Il dovere di motivazione in caso di deroga all’obbligo di rinvio pregiudiziale: le conclusioni dell’avvocata generale Ćapeta nel caso Remling

Opinion of Advocate General Ćapeta in Remling

 

 

Introduzione

Può un giudice di ultima istanza che decida di non operare un rinvio pregiudiziale alla Corte di giustizia non indicare i motivi specifici del mancato rinvio, qualora la normativa nazionale gli consenta di statuire sulla causa con una motivazione in forma abbreviata?

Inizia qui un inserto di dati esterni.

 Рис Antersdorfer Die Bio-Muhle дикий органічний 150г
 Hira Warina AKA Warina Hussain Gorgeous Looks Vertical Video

Oppure deve tale giudice in ogni caso motivare espressamente la decisione di non procedere ad un rinvio pregiudiziale dovendo sempre indicare, in particolare, su quale delle c.d. “eccezioni CILFIT”1 tale decisione si fondi?

È questa in sostanza la questione che pone il rinvio pregiudiziale proposto dal Consiglio di Stato dei Paesi Bassi nella causa Remling2, riguardo a cui, il 26 giugno 2025, l’Avvocata generale Ćapeta ha presentato le proprie conclusioni3.

La causa Remling dà l’occasione alla Corte di giustizia di approfondire la delicata questione della portata del dovere per i giudici di ultima istanza di motivare le decisioni di non proporre alla Corte di giustizia un rinvio pregiudiziale alla luce dell’obbligo di rinvio che incombe loro in virtù dell’articolo 267, terzo comma, TFUE, letto alla luce dell’articolo 47, della Carta dei diritti fondamentali dell’Unione europea che garantisce il diritto fondamentale ad un processo equo, il quale comporta, in particolare, il diritto ad ottenere una decisione giudiziaria motivata.

Il dovere di motivazione in caso di deroga all’obbligo di rinvio pregiudiziale nella giurisprudenza

La questione concernente la portata del dovere di motivazione a carico dei giudici di ultima istanza in caso di deroga all’obbligo di rinvio pregiudiziale ai sensi dell’articolo 267, terzo comma, TFUE è una questione di attualità nella giurisprudenza dell’Unione.

Come rilevato dall’Avvocata generale Ćapeta4, la Corte di giustizia ha affermato solo relativamente di recente l’esistenza nel diritto dell’Unione di tale dovere di motivazione, riconoscendolo espressamente per la prima volta nella sentenza Consorzio Italia Management. Al punto 51 di tale sentenza la Corte di giustizia ha statuito che dal sistema istituito dall’articolo 267 TFUE, letto alla luce dell’articolo 47, secondo comma, della Carta, discende che, allorché un giudice nazionale di ultima istanza ritenga, per il fatto di trovarsi in presenza di una delle “tre eccezioni CILFIT”, di essere esonerato dall’obbligo di effettuare un rinvio pregiudiziale alla Corte di giustizia, la motivazione della sua decisione deve far emergere le ragioni del mancato rinvio, ossia la sussistenza di una di tali tre eccezioni. In tale sentenza la Corte ha pertanto identificato l’esistenza di un obbligo per i giudici di ultima istanza derivante dal diritto dell’Unione che non era menzionato né nella sentenza CILFIT, né in successive pronunce.

Il riconoscimento dell’esistenza di tale dovere di motivazione ha dato adito ad una serie di cause volte a chiarire l’ambito di applicazione e la portata di tale dovere in capo ai giudici di ultima istanza.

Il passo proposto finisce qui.